CCCC-PowerGenix Clean Energy Co., as the JV is known, doesn’t have any customers yet (Which is a good thing since it is unclear when it will actually begin producing batteries.). But it has batteries being tested at “all the usual suspects,” said Squiller. Okay, but there are lots of battery makers in China, I said. What will allow PowerGenix to succeed? Its battery chemistry, said Squiller. Only a few companies are producing NiZn batteries, and those are usually the small AAA batteries for consumer goods, he said. PowerGenix spent 10 years creating a NiZn battery with a long enough life cycle, good enough energy yields, and a low enough cost for the automotive world, said Squiller. That is what made it attractive as a partner to CCCC, he said. “CCCC is just not interested in getting into the energy storage fray with lithium ion,” he said. “They picked something unique.”
Stop/start systems, which is where PowerGenix sees a market in China, are not new. They are ubiquitous in Europe, and some automakers in China are already installing them.

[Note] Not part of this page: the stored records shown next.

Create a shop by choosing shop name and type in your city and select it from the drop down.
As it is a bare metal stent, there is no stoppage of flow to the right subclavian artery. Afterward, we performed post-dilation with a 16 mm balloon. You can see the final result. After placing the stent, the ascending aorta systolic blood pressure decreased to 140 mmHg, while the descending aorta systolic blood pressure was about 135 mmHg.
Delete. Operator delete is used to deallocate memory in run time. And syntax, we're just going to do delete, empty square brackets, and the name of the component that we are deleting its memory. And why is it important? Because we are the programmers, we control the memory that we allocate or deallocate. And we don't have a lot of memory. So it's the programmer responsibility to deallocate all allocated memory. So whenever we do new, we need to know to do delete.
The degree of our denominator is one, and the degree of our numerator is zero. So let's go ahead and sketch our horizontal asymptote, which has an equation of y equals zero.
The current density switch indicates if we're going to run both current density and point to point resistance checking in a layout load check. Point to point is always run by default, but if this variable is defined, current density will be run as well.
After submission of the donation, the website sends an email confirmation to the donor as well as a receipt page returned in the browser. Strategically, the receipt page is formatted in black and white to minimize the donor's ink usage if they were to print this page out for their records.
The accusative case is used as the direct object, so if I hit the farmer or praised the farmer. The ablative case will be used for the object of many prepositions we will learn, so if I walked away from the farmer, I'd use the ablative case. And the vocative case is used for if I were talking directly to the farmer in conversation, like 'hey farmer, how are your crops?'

The Buick LaCrosse launched by General Motors in China in August of 2011 uses a lithium ion battery in the stop/start technology in its e-Assist system, http://tinyurl.com/7c6kuav as does the Chevy Malibu due in China in Q1 this year. Audi has said that all its models in China will have stop/start systems by 2012. http://tinyurl.com/7au2nok Local automakers are also using stop/start. Geely plans to install stop/start on an Emgrand model, and Hafei will introduce it on a minivan model. But there is no guarantee it will spread.

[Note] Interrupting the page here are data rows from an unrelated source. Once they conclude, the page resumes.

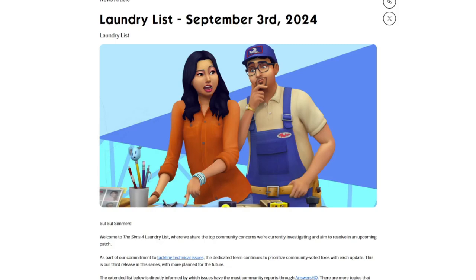Surprise, surprise, we thought we were going to be getting a roadmap today because today is September 3rd, the first Tuesday of the month. We don't have a current active roadmap, but instead we got a laundry list.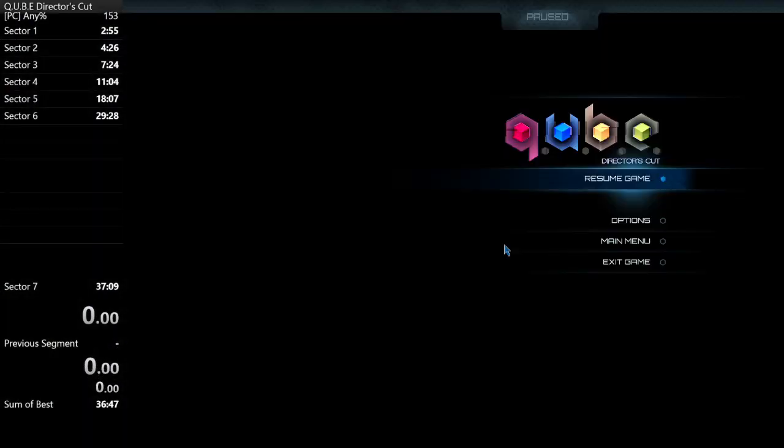But yeah, it looks like that is a consistent trick. It looks like that might be used in the runs. Once again, this is Yansawa. Please like and subscribe if you're watching this on YouTube and have a great day.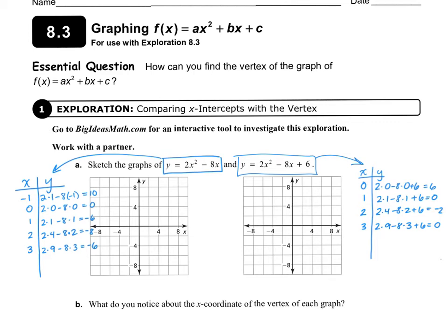Hi, this is Mrs. Yaud, and today we are in Algebra 1, Chapter 8, Lesson 3. We're going to learn how to find the vertex of a graph using ax squared plus bx plus c.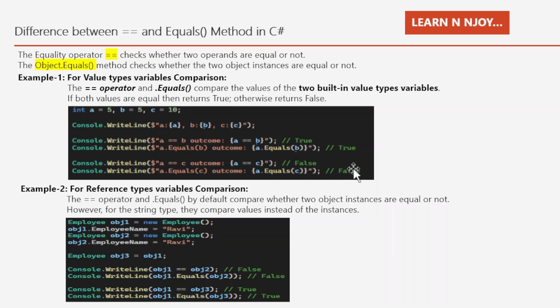So basically for value type variable comparison, we compare the values instead of instances. If the values are equal then it gives us true, otherwise it returns false.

Squiller said adding stop/start to a car adds from $400 to $600 to the total cost, and the battery represents 1/3 to ½ of that amount. He claimed the PowerGenix battery was smaller (and thus lighter) than the batteries currently being used, and could be dropped in without major changes. “The voltage on the alternator needs to be tweaked,” he said. But “we are compatible with all engine systems.” But, pointed out Michael Omotoso, senior manager for global powertrains at LMC Automotive, www.lmc-auto.com the engine has to already be designed to work with stop/start technology. So CCCC-PowerGenix Clean Energy Co. will be fighting for a share of a small (albeit growing) share of the market…when it actually starts producing batteries in China.

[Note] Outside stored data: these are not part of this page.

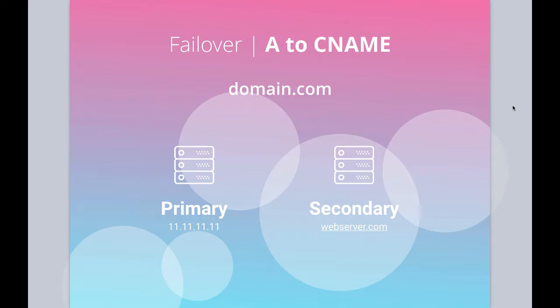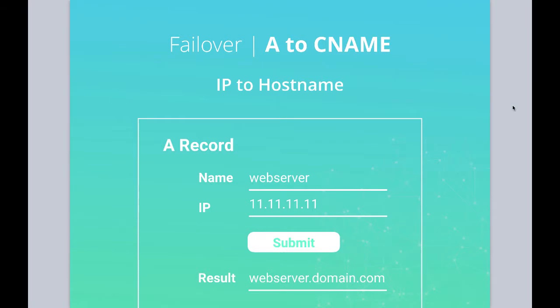That means with A record failover, it's an IP to an IP. So what if you have two web servers and one of them is at an IP address and another one is at a hostname? You can't failover from one to the other. Instead, what you have to do is turn your IP address into a hostname.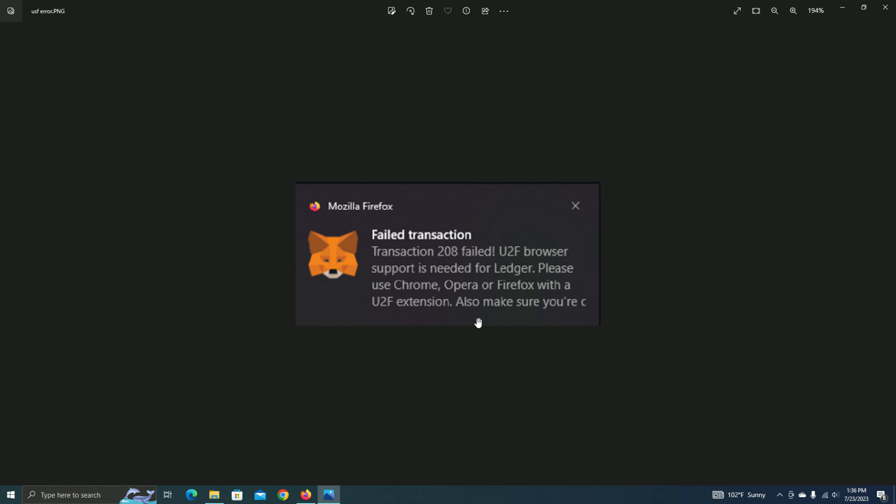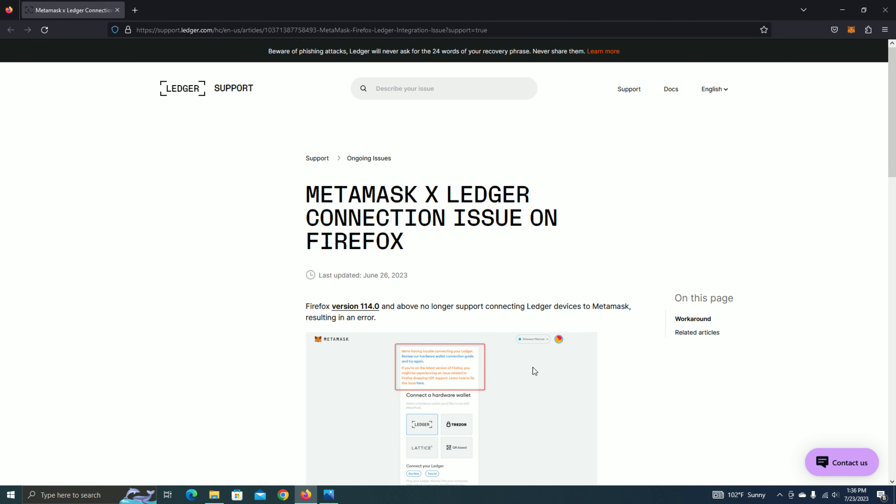I've been trying to figure out a fix for this on the internet, and there was one fix that I saw. I think you might also see it. It's where you go to about config and then set a parameter based on the true or false feature, but that didn't really work for me, and I also stumbled upon this Ledger support page.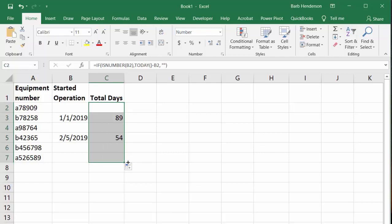So that's how you test for a number in a cell to complete a formula. Please subscribe.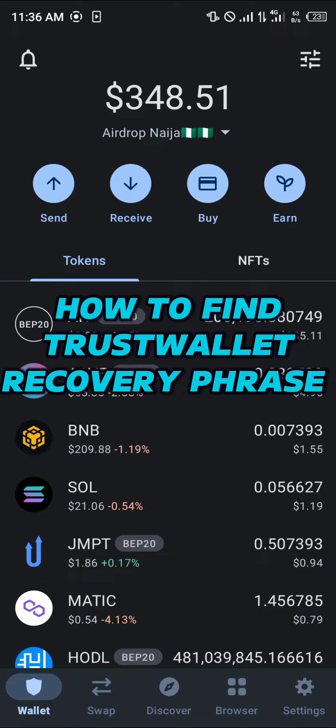Hello guys and welcome to another quick tutorial video. In this short tutorial I'm going to be showing you how you can simply find your Trust Wallet recovery phrase.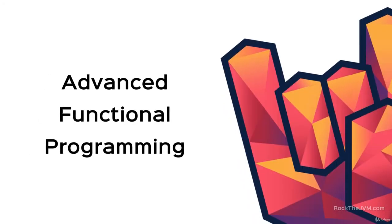I hope the previous section was a good warm-up for you. We are already on our way, we've solidified our background, and we've already explored Scala features that are unknown to most, maybe 90% of Scala programmers, so this is already super cool.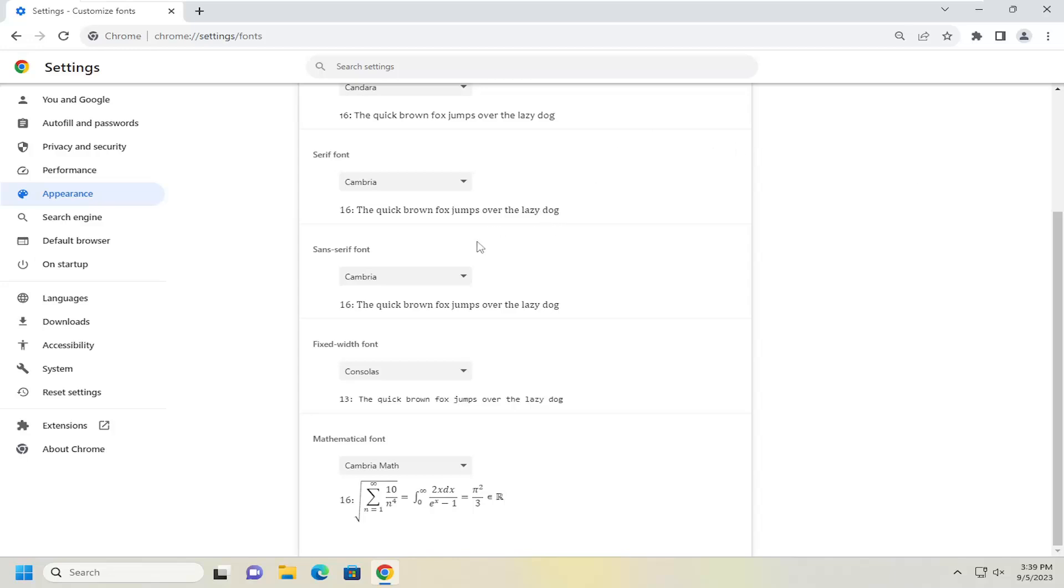And then you have the fixed width font. So in these fonts all the letters, numbers and special characters would have the same width and are often used to write and show computer code.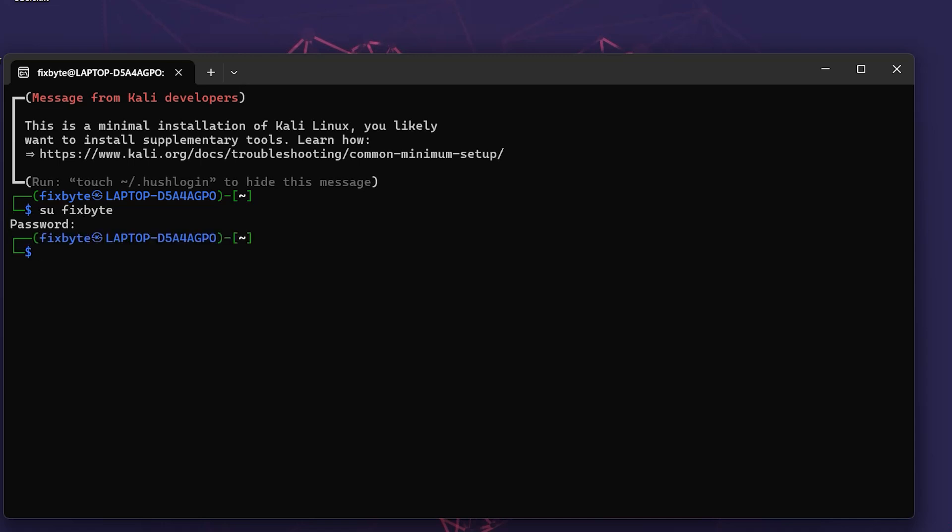That's it. You've successfully reset your Kali Linux password in WSL. If you found this video helpful, don't forget to like, subscribe, and hit the bell icon so you never miss future uploads.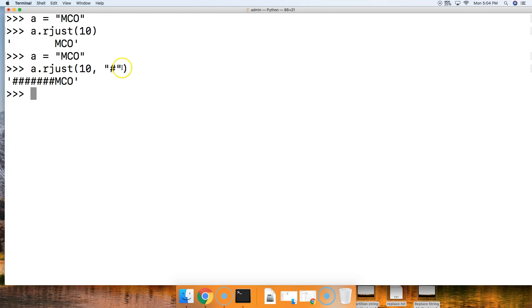and notice it's no longer filled with white space. Now it's filled with the pound sign, and we right justify our string to the right.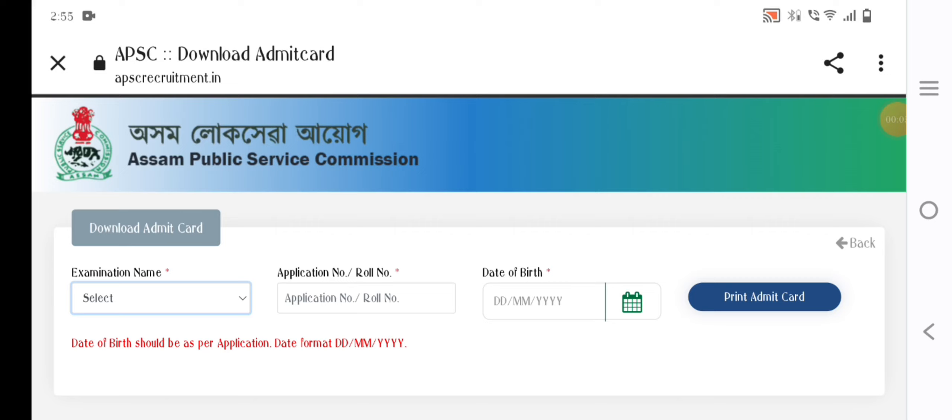Hello everyone, welcome to my YouTube channel. Today we are going to make an important update for the research assistant exam.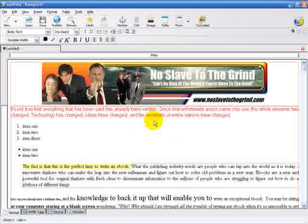Welcome to video three of using Composer. In this video we're going to look at some more features available in Composer. We're going to create some links in our web page — there's going to be a link to a remote website, and we're also going to create a link to an anchor tag within our current web page.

Exactly how does a San Diego battery maker get hooked up with an Anhui-based former PLA construction company? Through a business associate’s company that helps identify Chinese partners, said Squiller. CCCC and PowerGenix had the “same priorities in the green space, and the same management perspective,” he said. “There is a corporate culture and DNA,” he said, “but at the end of the day it is the two leaders and their personal relationship and how they think and operate.” I can’t help but wonder how Squiller’s thinking and modus operandi could resemble a Chinese (and likely) ex-PLA head of a state-owned enterprise.
To be sure, Squiller is no stranger to China. He made his first business trip to China in 1982, he said, even earlier than I was there! (I first lived in China in 1984). Squiller said he had started R&D centers and JVs in China, and was even in Beijing during the Tiananmen protests in 1989. Still, a friend who worked on a real estate deal with a former PLA company described it as “impossibly opaque, non-communicative, uncooperative, and self-interested to an unbelievable degree—even for China.” Squiller did admit that “it is exceedingly difficult to work cross culture.” The joint venture with CCCC would require “a great deal of patience and expertise,” he said. “We don’t think this will be like selling ice cream from a stand across the street.” Well, at least he seems to know what he is getting into.